───── RECORDED DATA ─────
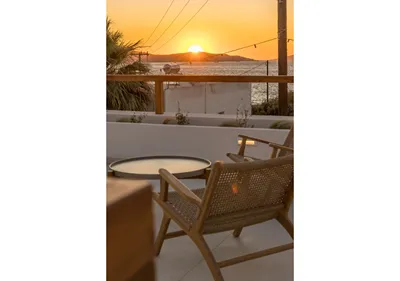 La Vea Suites Milos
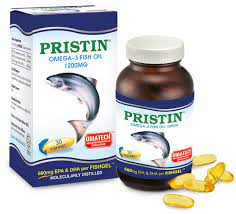 The ultimate version is definitely the one you want. Pristin Concentrated Omega 3 Fish Oil Reviews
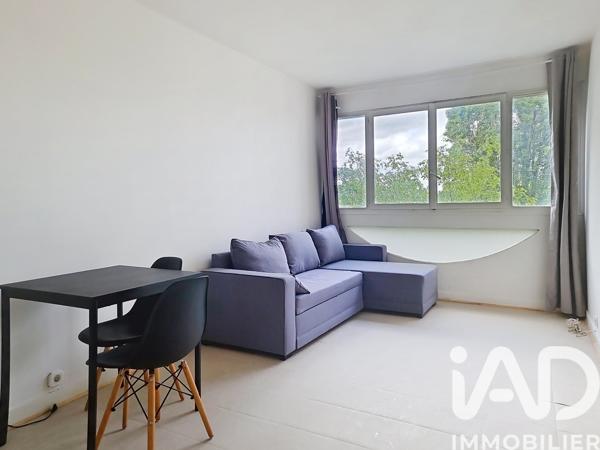 Location studio 21 m² Grigny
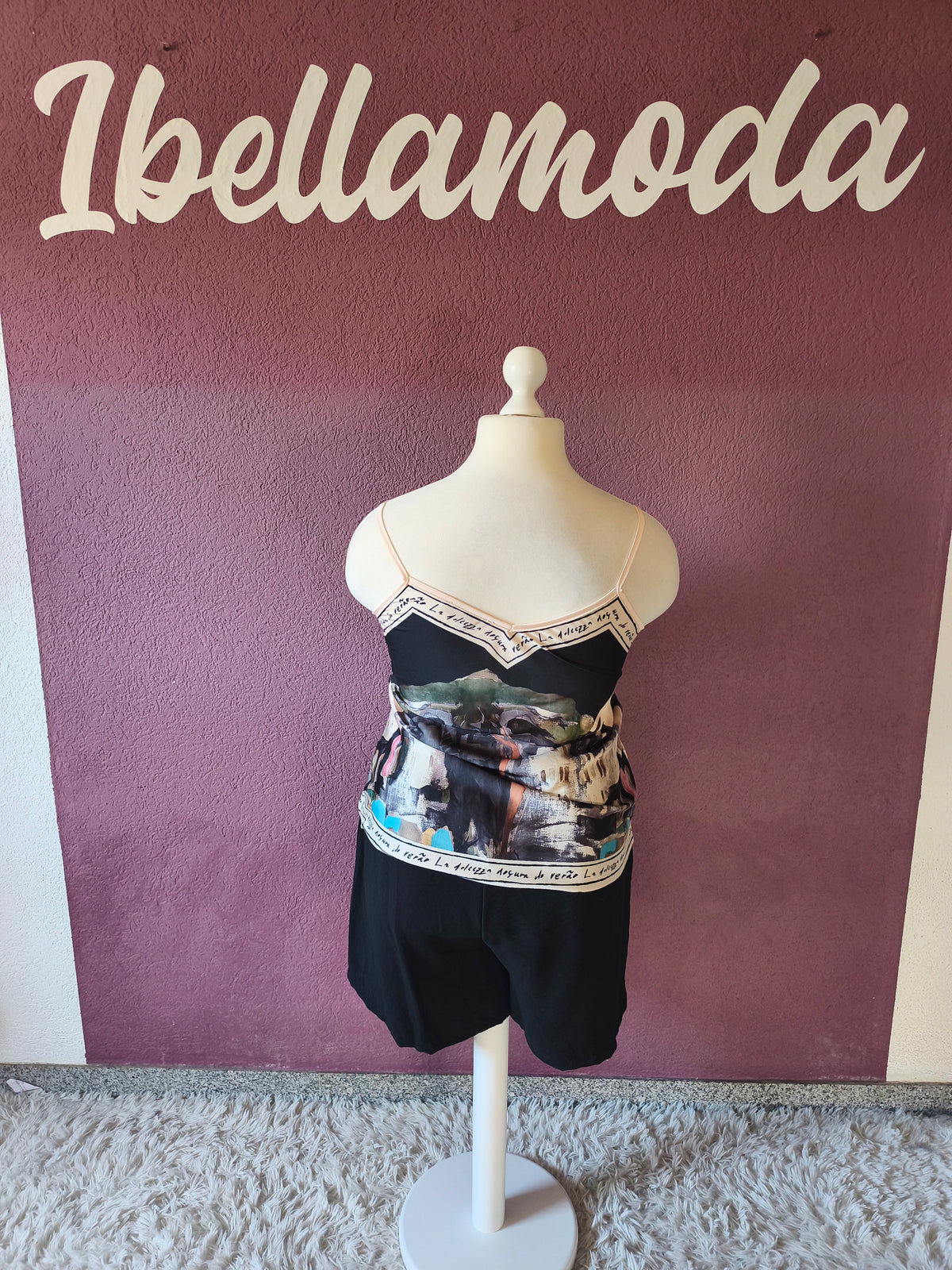Top Summer Seide 27711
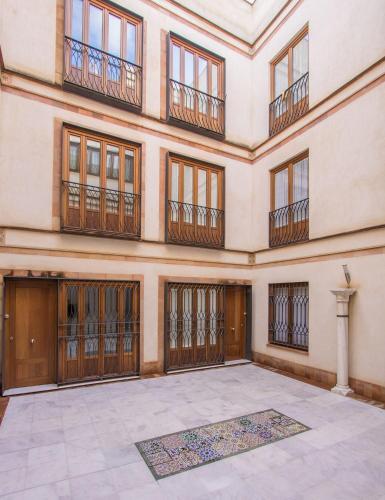 Apartamento Corners Of Seville Romero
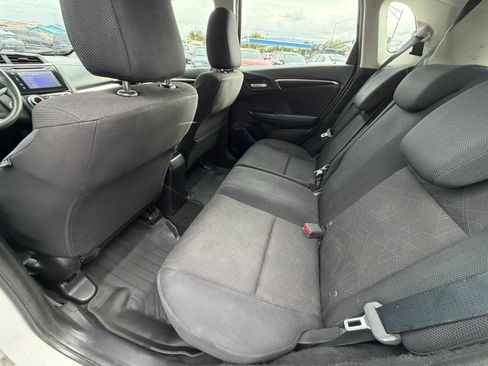 Used 2015 Honda Fit EX image 17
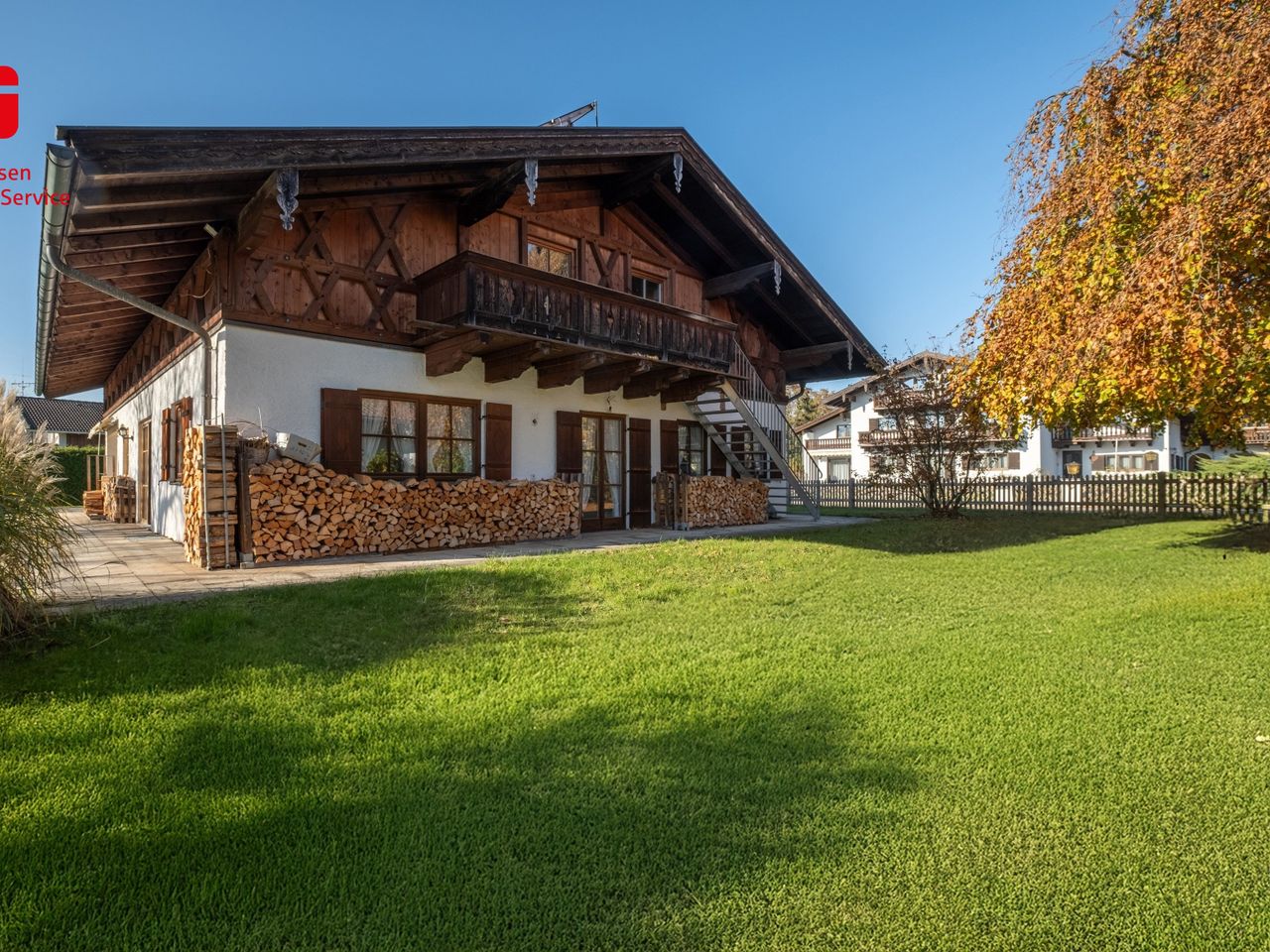 Hausansicht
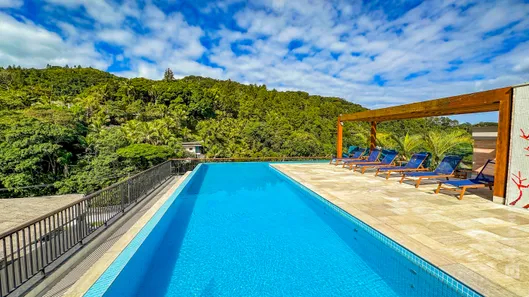 Apartamento com 1 Quarto à venda, 52m² no Saco da Ribeira, Ubatuba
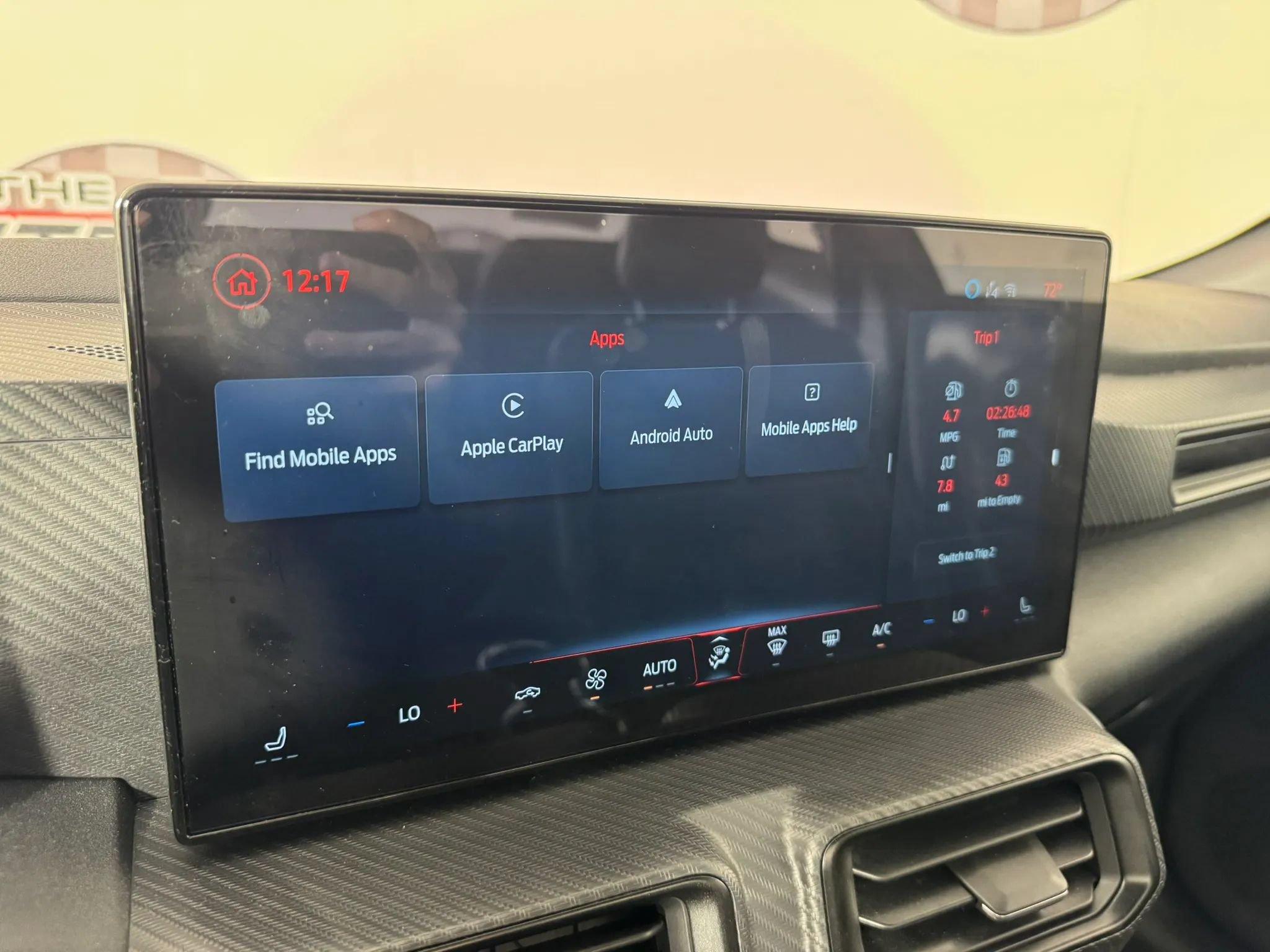 Used 2025 Ford Mustang Coupe RWD image 20
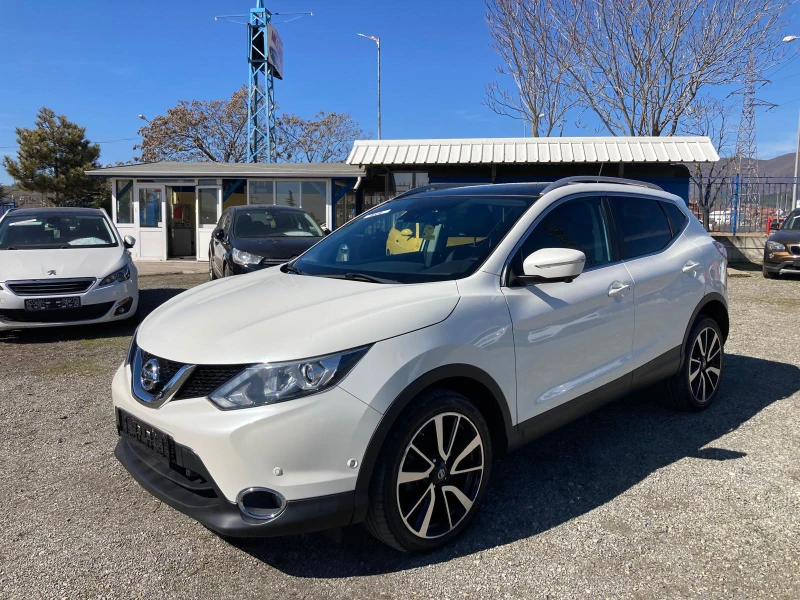 Nissan Qashqai 1, 6D 4х4 3D КАМЕРА НАВИГАЦИЯ ПОДГРЕВ ПАНОРАМА, снимка 1 - Автомобили и джипове - 49393050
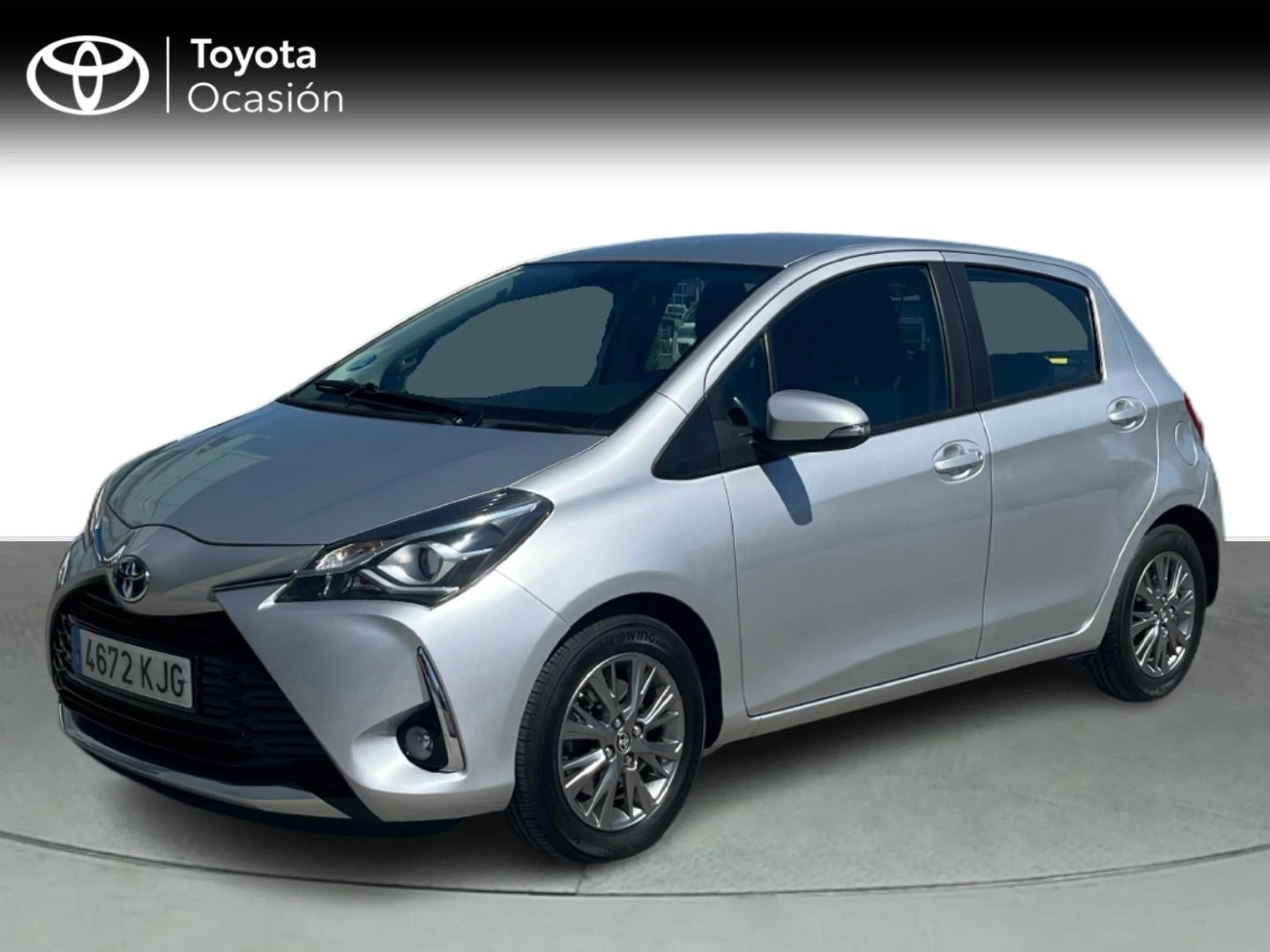 Toyota Yaris 100H Active - Foto 1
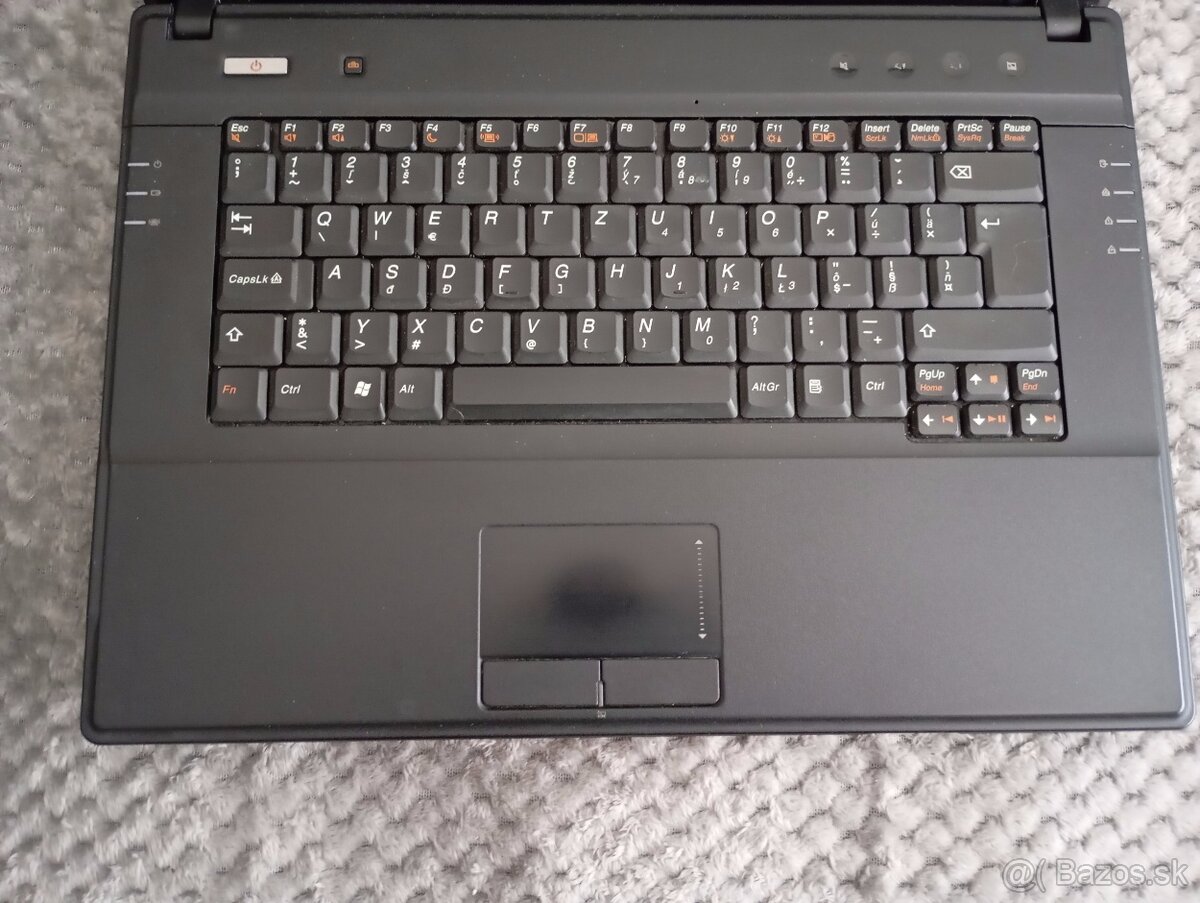 predám notebook LENOVO G530 . WINDOWS 7 32bit - 3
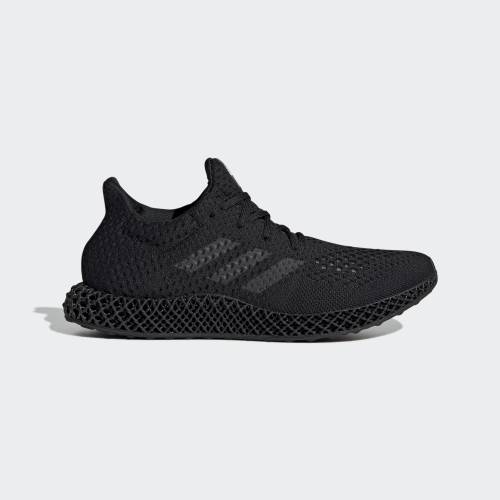 4D FUTURECRAFT 新款低帮跑步运动鞋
─────
WHAT TO DO:
If pictures are present, they are dropped, and the entries above are written out word for word.

WRITTEN ANSWER:
 La Vea Suites Milos
 The ultimate version is definitely the one you want. Pristin Concentrated Omega 3 Fish Oil Reviews
 Location studio 21 m² Grigny
Top Summer Seide 27711
 Apartamento Corners Of Seville Romero
 Used 2015 Honda Fit EX image 17
 Hausansicht
 Apartamento com 1 Quarto à venda, 52m² no Saco da Ribeira, Ubatuba
 Used 2025 Ford Mustang Coupe RWD image 20
 Nissan Qashqai 1, 6D 4х4 3D КАМЕРА НАВИГАЦИЯ ПОДГРЕВ ПАНОРАМА, снимка 1 - Автомобили и джипове - 49393050
 Toyota Yaris 100H Active - Foto 1
 predám notebook LENOVO G530 . WINDOWS 7 32bit - 3
 4D FUTURECRAFT 新款低帮跑步运动鞋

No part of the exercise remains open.